EXERCISE: When you reply, transcribe every line of the data below exactly.

(RECORDED DATA)

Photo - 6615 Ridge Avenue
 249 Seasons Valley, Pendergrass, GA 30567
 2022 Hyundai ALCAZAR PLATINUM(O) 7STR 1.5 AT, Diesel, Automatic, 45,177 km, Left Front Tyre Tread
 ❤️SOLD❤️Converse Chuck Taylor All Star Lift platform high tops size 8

(End RECORDED DATA)

EXERCISE OUTPUT:
Photo - 6615 Ridge Avenue
 249 Seasons Valley, Pendergrass, GA 30567
 2022 Hyundai ALCAZAR PLATINUM(O) 7STR 1.5 AT, Diesel, Automatic, 45,177 km, Left Front Tyre Tread
 ❤️SOLD❤️Converse Chuck Taylor All Star Lift platform high tops size 8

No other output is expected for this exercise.